Story by Andrew Sean Greer
Published by Picador, imprint of Farrar, Straus and Giroux
ISBN10: 0312423810
ISBN13: 9780312423810
Review by Linda Yau
Although, their plot may sound similar – The Confessions of Max Tivoli is not the same as The Curious Case of Benjamen Button. I kid you not, although this might be an attraction to read a plot alike book. Both have protagonists that ages backward, and I believe that is where the similarities end. I haven’t seen the movie yet, but I have read The Confessions Of Max Tivoli.
Max Tivoli is a person who was born at 1871 with the appearance of a 70 year old. He was expected and calculated by his mother to die at 1941, exactly 70 years later. This seems to be a strange experience right?
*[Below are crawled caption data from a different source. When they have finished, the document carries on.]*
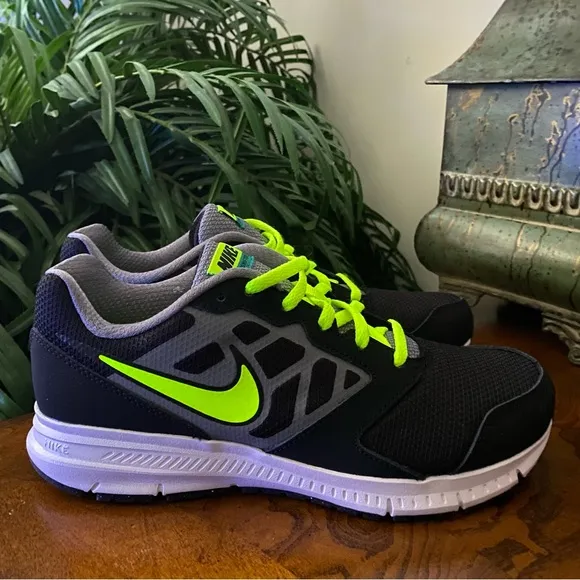 Nike Downshifter 6 Youth Black / Neon Green Sneakers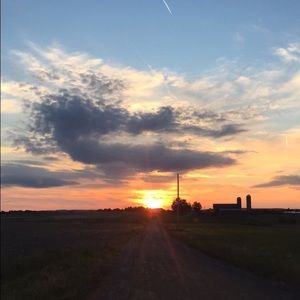 Meet your Posher, Alicia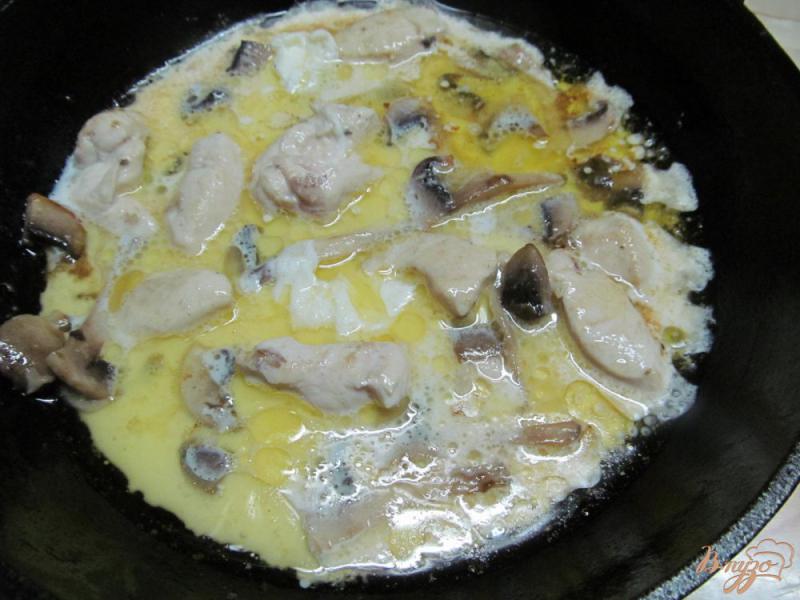 Фото приготовление рецепта: Паста с курицей и грибами шаг №3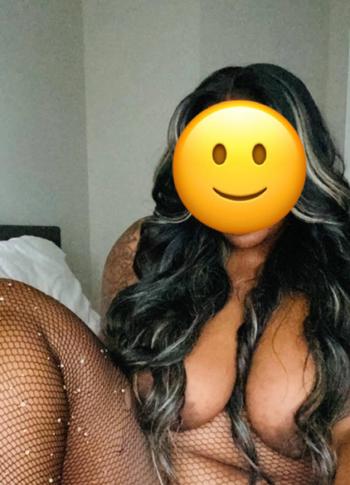 Mimi, 26 Black female escort, Niagara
Max certainly try live his life as normally as he can, but under a rule: “Be what they think you are.”
He met his best friend, Hugie when he was six years old, and the love of his life, Alice when he 16 years old. All the while, his body ages backwards, and his appearance younger with each passing year. Unfortunately, as he tried to justify his age and actions – things happen and it makes the reader understand the folly of how short life is.
He eventually marries Alice under a different name, and when the truth was revealed, Alice leaves him, bearing a son.
Later when Max finds Hugie as an older man. They pose as father and son, and visits Alice. However Hugie soon dies, and in the end, with an ending that is similar to Invisible Man by Ralph Waldo Ellison – it shows Max Tivoli accepting his life, and the story is concluded on a feeling and reflection of where it all began; similar to a circle.
This book is written in first person with Max as narrator, trying to write his life’s story before he gets too young to tell anyone his story. This book has employs flash back, and has rich descriptions of historical events and of various experience.
I truly pity Max as a character, but would recommend this as a book people who would want to read a serious historical fiction novel.